Man, if I went against my Pats, I'd need my head examined.

Good luck to both teams. I hope it's an exciting game.


----------



## Vlad (Aug 2, 2005)

Giants, Got to go with the home team!


----------



## BuriedAlive (Jun 8, 2006)

My whole family are Pats fans, but for the Superbowl party I'll be rooting for the Giants, just to stir things up a bit and tick my family off. I did vote for Pats in the poll, however.


----------



## Lotus (Nov 12, 2004)

Ahahahahaha Good Idea Dean


----------



## skeletonowl (Aug 8, 2006)

I have to go with the Giants even though they might lose


----------



## psyko99 (Jan 11, 2008)

The Giants were my dad's team.
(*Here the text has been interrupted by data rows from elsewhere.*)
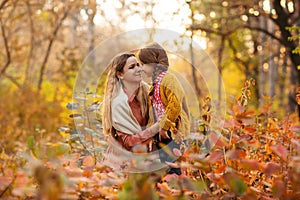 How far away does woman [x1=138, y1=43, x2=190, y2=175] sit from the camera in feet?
10.2

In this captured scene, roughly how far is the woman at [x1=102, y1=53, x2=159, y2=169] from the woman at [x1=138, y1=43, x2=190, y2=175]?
0.07m

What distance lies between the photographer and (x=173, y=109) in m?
3.10

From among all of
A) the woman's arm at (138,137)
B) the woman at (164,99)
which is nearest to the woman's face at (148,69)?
the woman at (164,99)

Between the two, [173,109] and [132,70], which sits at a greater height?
[132,70]

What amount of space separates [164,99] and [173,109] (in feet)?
0.35

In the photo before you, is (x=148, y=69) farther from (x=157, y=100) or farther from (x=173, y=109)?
(x=173, y=109)

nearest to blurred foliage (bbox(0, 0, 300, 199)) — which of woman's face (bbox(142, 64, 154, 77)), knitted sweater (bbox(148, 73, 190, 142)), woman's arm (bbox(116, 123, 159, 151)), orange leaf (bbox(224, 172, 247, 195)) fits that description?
orange leaf (bbox(224, 172, 247, 195))

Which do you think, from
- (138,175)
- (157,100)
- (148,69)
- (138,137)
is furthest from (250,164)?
(148,69)

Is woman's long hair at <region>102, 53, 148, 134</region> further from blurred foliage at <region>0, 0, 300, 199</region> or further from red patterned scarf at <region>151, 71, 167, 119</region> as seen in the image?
blurred foliage at <region>0, 0, 300, 199</region>

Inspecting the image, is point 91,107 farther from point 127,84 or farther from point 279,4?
point 279,4

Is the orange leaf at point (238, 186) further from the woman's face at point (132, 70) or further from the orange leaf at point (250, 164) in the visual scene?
the woman's face at point (132, 70)

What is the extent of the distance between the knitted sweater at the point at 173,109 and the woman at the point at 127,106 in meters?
0.07

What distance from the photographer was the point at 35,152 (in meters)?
2.30

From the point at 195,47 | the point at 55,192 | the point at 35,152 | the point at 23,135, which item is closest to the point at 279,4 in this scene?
the point at 195,47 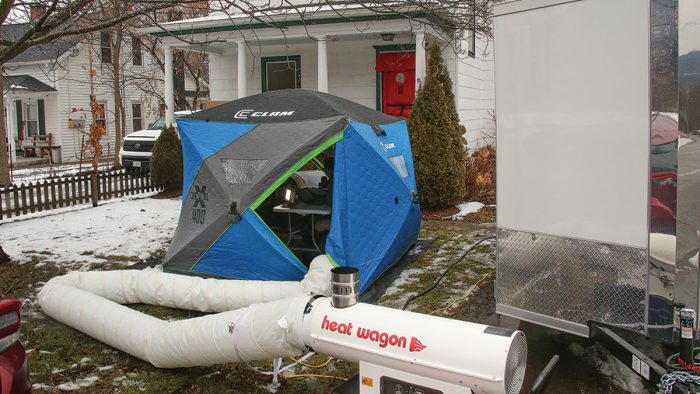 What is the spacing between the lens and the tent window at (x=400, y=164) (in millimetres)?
7465

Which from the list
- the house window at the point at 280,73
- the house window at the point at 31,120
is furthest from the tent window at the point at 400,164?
the house window at the point at 31,120

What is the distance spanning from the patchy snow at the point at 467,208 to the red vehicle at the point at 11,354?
8247mm

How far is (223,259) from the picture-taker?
651 centimetres

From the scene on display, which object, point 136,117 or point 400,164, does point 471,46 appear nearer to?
point 400,164

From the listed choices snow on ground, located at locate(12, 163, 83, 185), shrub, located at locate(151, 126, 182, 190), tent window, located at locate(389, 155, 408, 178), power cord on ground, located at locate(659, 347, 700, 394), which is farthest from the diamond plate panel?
snow on ground, located at locate(12, 163, 83, 185)

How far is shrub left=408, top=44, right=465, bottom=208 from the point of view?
36.2 ft

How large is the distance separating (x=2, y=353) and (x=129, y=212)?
8.72 meters

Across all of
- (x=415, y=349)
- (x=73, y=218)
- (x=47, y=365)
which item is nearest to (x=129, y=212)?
(x=73, y=218)

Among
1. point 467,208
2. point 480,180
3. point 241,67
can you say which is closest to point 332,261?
point 467,208

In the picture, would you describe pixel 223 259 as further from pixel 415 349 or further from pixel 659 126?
pixel 659 126

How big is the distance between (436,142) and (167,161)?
6367 mm

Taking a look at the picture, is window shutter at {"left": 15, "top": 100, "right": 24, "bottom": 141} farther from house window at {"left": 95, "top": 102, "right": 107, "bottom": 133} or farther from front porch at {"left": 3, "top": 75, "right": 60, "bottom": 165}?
house window at {"left": 95, "top": 102, "right": 107, "bottom": 133}

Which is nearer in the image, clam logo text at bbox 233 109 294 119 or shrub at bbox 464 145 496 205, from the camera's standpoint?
clam logo text at bbox 233 109 294 119

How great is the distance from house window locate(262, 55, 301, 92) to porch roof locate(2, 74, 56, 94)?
13061 millimetres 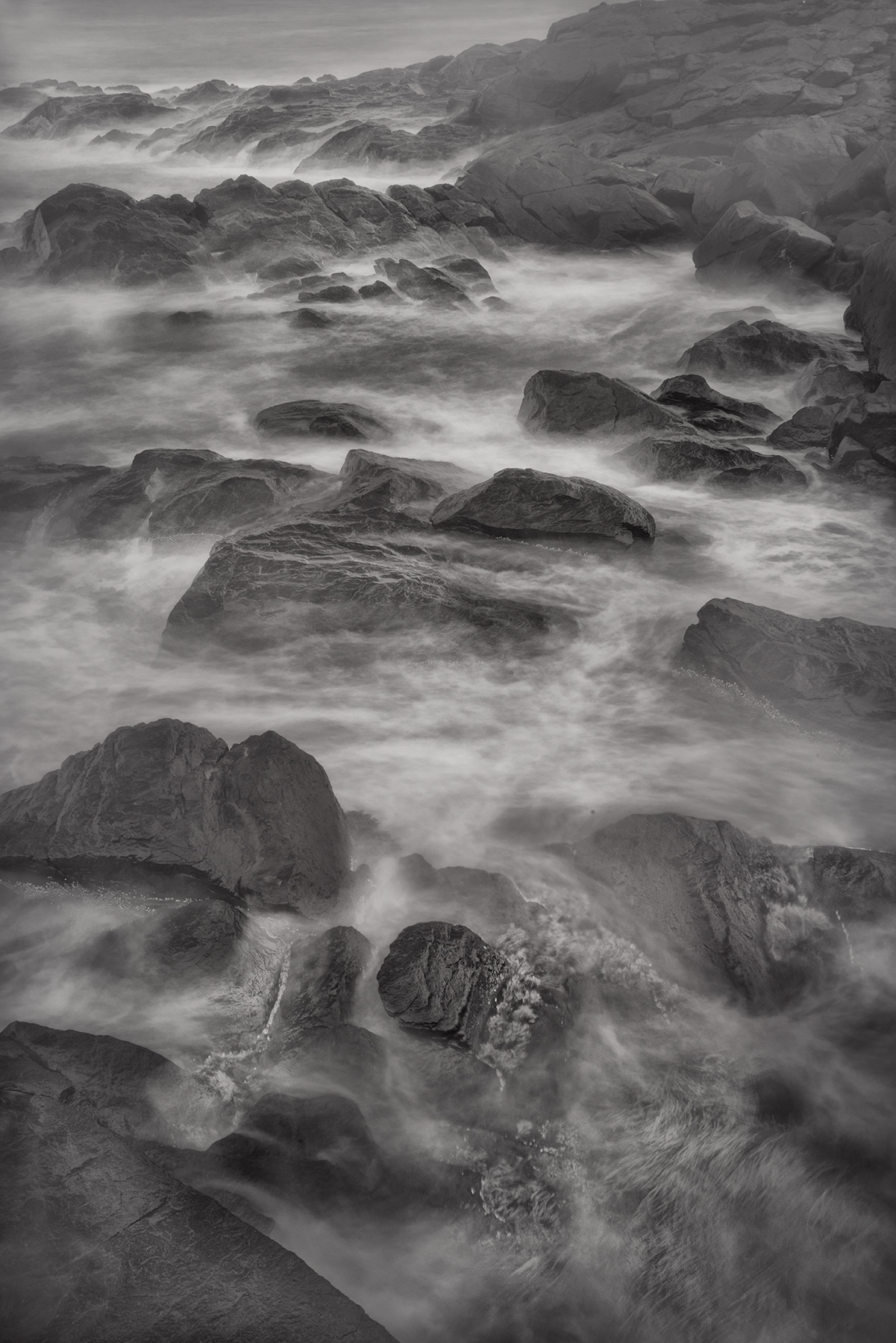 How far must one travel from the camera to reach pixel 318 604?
6.63 m

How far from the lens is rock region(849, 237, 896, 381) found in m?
10.2

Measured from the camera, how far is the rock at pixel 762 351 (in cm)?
1118

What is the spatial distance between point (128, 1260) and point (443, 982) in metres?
1.54

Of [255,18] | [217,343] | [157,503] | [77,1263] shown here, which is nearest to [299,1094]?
[77,1263]

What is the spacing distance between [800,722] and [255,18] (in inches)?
2492

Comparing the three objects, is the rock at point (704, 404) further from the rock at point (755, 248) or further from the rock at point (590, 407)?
the rock at point (755, 248)

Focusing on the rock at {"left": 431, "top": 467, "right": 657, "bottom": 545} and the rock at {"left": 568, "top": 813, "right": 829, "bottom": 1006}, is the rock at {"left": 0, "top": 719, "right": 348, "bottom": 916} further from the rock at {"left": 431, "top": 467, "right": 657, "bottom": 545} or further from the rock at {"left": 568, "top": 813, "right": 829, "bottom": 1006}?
the rock at {"left": 431, "top": 467, "right": 657, "bottom": 545}

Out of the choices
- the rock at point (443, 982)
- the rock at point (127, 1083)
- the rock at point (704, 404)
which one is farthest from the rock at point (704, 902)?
the rock at point (704, 404)

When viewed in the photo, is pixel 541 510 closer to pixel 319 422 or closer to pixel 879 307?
pixel 319 422

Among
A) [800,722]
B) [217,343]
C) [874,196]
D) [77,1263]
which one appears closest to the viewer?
[77,1263]

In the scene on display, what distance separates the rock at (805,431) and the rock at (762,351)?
179 centimetres

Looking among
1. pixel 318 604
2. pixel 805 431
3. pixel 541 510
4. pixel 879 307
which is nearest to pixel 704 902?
pixel 318 604

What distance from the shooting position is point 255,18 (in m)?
55.2

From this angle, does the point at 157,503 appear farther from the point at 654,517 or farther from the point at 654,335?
the point at 654,335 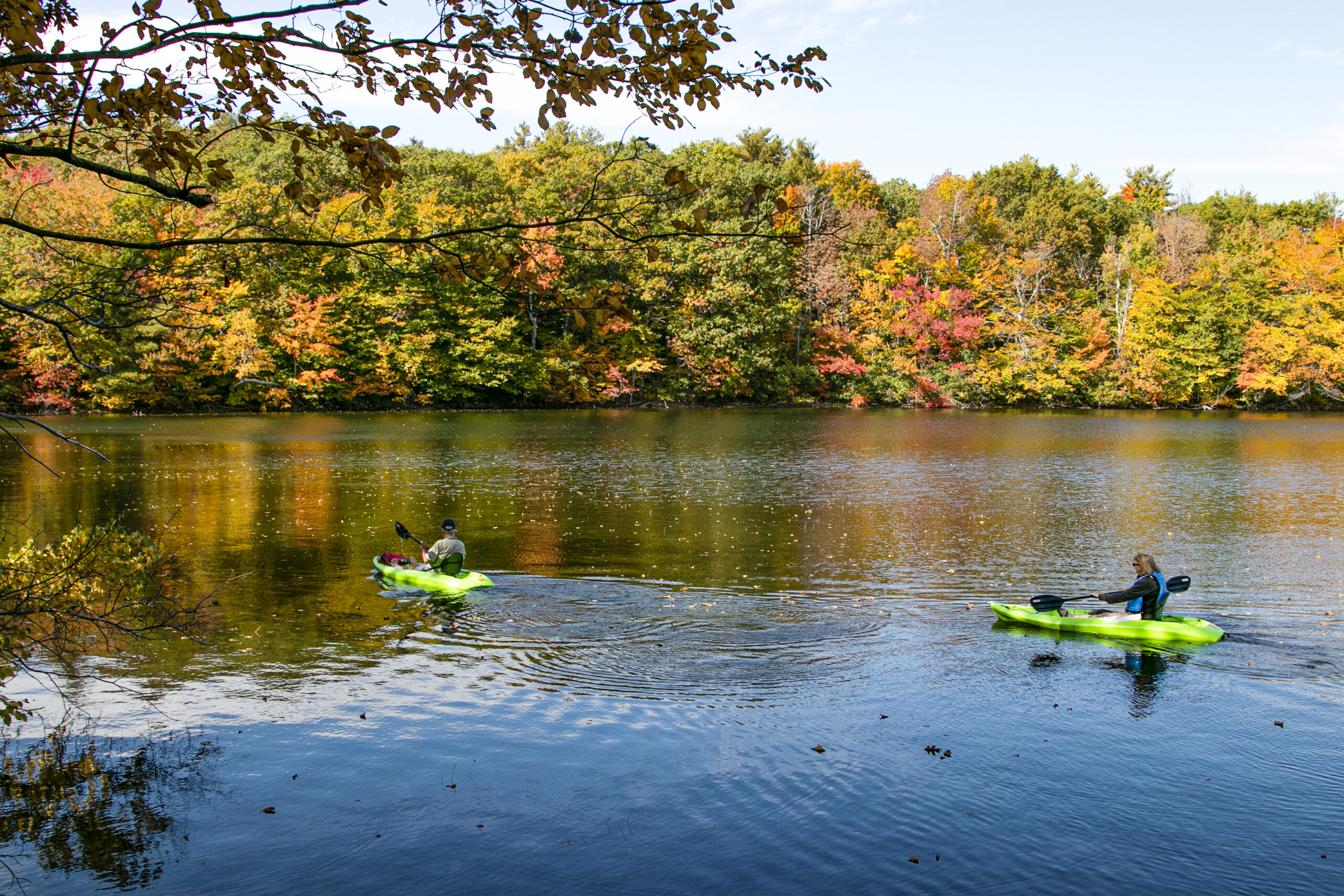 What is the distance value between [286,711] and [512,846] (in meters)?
3.20

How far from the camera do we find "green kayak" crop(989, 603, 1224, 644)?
1077cm

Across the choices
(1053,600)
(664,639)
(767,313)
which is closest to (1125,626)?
(1053,600)

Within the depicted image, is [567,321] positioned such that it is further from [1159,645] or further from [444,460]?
[1159,645]

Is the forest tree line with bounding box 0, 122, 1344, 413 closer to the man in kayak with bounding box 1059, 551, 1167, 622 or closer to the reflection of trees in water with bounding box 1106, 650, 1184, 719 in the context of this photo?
the man in kayak with bounding box 1059, 551, 1167, 622

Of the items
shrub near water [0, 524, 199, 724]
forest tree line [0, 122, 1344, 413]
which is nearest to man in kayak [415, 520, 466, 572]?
shrub near water [0, 524, 199, 724]

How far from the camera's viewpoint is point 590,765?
7.12 meters

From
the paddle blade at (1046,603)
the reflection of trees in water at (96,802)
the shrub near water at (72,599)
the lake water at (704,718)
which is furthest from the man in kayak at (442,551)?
the paddle blade at (1046,603)

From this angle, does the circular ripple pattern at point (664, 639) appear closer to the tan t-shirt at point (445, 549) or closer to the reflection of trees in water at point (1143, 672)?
the tan t-shirt at point (445, 549)

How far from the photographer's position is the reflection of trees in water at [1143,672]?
28.9 feet

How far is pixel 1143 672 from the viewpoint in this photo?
9.91 m

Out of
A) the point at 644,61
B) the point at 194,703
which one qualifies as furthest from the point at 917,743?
the point at 194,703

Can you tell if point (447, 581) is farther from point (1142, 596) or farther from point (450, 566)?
point (1142, 596)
So in his memory ...


----------



## kevin242 (Sep 30, 2005)

*Yeah BABY!!!*

The Underdogs have it!!! WOW! What a game! Congrats to those few who voted for NY!
BTW, this is NY's first World Championship since 9/11...
whohoo!


----------



## HalloweenZombie (Jul 22, 2007)

Who cares about the SuperBowl? The Saints weren't in it.


----------